• [Work instruction] Sort through the listing below and keep each line with the word "Baby". Copy those.

START Supplied material

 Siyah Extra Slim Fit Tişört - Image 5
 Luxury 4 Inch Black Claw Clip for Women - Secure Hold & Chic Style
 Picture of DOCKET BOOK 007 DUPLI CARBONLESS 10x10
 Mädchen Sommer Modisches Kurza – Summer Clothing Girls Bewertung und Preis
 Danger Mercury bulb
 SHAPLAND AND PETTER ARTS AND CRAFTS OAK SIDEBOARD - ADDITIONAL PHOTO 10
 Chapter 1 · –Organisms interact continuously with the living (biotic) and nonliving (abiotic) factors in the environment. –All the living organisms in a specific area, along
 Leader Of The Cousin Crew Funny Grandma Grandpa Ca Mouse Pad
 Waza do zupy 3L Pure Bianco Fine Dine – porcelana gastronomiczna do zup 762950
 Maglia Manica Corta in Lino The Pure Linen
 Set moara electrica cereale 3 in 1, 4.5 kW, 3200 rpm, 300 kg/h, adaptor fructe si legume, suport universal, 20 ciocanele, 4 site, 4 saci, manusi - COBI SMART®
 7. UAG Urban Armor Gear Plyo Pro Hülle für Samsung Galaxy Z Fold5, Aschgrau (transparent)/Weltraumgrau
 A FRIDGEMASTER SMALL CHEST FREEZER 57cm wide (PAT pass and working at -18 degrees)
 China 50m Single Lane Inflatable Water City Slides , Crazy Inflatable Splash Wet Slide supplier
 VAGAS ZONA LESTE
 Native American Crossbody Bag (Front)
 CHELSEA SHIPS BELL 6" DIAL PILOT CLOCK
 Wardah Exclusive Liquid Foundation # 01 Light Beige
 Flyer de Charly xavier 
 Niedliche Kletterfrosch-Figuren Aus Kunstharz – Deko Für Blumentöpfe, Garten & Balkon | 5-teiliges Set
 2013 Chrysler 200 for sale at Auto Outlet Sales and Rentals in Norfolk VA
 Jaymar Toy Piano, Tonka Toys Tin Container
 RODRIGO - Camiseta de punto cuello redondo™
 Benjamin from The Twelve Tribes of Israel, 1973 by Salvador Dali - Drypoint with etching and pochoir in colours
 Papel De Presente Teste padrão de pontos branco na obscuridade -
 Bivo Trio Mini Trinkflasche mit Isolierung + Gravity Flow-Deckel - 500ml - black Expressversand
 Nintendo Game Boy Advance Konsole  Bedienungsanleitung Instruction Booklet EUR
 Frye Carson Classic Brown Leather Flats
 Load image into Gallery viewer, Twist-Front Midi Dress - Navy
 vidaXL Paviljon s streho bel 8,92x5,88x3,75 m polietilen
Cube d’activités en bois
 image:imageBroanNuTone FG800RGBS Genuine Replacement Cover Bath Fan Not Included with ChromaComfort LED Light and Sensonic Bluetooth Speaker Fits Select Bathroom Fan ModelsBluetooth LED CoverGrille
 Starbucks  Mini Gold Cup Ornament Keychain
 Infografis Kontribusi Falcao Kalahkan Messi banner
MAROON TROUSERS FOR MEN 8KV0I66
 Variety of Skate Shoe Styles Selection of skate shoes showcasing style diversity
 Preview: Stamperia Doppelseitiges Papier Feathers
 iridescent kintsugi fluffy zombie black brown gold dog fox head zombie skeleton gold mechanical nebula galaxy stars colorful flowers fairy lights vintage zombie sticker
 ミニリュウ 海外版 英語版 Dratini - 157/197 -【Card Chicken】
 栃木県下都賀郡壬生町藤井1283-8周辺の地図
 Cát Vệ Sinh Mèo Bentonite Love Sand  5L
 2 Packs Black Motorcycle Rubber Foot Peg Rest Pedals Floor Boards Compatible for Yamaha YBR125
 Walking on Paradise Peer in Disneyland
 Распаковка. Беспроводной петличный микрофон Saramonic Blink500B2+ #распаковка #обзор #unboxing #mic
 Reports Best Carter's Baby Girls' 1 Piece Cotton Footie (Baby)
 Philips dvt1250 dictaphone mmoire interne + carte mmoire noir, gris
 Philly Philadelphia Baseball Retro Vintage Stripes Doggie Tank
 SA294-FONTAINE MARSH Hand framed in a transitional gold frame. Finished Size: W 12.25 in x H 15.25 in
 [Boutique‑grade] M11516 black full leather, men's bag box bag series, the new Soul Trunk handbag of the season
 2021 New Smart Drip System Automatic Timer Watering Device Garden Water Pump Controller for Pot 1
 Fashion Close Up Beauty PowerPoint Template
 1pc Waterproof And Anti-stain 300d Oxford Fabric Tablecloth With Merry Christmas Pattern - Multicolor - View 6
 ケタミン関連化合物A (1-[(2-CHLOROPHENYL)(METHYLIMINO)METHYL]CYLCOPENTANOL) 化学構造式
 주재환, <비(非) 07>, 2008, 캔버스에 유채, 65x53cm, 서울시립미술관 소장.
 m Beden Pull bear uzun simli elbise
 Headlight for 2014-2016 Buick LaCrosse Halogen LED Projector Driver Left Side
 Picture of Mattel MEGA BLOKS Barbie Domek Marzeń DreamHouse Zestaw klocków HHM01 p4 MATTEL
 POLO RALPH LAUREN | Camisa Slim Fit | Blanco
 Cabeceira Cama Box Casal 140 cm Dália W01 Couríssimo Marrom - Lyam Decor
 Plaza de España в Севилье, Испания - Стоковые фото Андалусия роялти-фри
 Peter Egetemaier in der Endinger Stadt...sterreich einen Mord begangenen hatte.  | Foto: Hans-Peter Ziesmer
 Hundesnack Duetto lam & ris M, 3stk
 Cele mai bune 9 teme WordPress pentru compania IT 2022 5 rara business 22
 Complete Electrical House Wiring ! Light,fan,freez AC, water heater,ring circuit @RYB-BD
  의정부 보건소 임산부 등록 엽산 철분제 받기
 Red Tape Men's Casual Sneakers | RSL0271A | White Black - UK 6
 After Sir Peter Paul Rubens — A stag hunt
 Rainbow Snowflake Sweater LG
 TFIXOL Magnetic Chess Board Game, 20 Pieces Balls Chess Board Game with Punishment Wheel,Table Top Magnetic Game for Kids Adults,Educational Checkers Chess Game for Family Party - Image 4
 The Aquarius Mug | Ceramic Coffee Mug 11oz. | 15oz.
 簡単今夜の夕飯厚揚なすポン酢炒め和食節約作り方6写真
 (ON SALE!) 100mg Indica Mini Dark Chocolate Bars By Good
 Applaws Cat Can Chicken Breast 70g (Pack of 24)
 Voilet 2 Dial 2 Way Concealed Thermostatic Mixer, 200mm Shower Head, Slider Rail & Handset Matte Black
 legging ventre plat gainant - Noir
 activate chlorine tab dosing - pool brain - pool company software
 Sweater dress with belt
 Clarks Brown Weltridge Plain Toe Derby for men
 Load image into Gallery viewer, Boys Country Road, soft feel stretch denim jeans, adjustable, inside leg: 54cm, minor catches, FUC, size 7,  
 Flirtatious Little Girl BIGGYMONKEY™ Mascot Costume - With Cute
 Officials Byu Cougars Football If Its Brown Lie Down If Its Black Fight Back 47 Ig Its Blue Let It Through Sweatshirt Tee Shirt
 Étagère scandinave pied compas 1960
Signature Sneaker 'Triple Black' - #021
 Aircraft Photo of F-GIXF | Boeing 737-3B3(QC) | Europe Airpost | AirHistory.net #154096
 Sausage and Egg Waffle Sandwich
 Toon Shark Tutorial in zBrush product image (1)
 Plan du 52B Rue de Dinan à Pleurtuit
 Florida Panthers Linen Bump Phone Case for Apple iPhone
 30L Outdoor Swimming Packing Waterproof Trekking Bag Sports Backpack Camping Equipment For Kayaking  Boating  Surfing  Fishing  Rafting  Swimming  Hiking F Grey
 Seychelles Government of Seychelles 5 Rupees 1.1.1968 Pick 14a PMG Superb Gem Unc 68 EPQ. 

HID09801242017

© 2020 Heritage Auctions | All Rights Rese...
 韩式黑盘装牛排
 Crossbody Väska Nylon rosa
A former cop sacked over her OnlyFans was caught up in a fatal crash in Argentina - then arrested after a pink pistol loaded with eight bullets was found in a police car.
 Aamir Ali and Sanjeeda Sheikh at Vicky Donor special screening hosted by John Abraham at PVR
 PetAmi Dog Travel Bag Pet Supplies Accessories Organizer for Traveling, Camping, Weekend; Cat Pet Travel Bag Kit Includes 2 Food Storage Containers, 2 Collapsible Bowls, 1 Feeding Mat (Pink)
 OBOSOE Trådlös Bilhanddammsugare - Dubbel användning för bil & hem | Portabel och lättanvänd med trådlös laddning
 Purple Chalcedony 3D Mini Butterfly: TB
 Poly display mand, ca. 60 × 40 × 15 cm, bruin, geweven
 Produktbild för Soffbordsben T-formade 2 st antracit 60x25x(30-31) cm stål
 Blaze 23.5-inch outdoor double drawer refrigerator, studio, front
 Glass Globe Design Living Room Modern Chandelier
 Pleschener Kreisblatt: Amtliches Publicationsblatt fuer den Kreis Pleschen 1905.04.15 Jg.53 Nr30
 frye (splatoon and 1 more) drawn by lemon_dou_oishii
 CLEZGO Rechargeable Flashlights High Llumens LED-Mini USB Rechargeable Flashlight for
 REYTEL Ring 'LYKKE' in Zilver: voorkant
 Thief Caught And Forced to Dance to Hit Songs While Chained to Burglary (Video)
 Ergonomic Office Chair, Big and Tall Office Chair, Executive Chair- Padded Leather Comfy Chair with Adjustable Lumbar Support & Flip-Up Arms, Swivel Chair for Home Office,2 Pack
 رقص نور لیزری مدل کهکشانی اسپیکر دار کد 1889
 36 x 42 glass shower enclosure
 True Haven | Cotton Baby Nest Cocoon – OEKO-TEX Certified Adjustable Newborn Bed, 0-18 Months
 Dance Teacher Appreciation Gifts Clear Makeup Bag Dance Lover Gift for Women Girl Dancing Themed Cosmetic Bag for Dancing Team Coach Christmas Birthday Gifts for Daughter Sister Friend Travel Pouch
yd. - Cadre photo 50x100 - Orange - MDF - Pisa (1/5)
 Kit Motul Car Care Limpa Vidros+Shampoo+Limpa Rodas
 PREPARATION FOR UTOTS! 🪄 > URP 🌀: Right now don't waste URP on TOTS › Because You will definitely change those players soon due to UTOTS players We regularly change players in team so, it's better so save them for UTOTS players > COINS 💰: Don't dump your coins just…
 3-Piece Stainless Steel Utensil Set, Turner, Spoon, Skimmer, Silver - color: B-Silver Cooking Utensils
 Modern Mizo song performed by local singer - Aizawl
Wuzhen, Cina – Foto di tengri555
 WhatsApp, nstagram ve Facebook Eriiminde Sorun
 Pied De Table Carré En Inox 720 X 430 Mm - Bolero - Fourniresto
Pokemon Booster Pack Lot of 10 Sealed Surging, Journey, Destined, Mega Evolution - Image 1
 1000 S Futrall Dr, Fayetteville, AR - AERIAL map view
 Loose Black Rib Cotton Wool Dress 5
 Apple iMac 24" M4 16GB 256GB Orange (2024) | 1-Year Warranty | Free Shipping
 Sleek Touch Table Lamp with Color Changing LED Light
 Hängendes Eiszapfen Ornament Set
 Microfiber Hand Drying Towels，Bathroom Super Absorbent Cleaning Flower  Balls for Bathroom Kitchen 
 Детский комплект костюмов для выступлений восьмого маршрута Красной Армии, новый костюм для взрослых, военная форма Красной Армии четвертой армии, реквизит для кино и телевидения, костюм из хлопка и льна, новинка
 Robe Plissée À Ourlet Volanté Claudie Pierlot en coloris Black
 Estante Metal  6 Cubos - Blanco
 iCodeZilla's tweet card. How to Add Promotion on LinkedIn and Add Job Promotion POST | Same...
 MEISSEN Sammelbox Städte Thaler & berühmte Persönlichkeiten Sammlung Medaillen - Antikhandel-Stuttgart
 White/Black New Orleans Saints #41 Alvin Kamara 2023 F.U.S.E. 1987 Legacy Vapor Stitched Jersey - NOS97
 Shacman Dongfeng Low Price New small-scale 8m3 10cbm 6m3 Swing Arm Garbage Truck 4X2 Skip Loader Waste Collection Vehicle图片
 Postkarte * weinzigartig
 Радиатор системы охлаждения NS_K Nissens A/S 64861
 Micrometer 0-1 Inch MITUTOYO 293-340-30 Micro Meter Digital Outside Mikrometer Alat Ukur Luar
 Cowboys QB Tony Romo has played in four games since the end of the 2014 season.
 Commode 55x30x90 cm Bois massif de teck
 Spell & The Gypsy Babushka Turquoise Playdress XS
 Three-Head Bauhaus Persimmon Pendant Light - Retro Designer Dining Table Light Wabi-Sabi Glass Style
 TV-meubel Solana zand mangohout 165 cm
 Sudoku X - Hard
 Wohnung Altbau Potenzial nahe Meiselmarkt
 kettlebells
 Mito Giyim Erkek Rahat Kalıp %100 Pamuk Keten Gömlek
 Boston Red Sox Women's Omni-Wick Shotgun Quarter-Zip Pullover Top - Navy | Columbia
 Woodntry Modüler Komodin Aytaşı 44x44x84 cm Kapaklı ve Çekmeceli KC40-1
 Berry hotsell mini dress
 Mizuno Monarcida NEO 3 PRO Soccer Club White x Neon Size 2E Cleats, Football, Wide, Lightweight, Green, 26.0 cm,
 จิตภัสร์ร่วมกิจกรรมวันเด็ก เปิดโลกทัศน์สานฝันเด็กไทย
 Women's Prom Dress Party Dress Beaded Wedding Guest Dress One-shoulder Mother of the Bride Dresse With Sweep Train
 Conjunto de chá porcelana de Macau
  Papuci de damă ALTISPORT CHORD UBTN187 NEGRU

END Supplied material

• [Response to this exercise]
 Reports Best Carter's Baby Girls' 1 Piece Cotton Footie (Baby)
 True Haven | Cotton Baby Nest Cocoon – OEKO-TEX Certified Adjustable Newborn Bed, 0-18 Months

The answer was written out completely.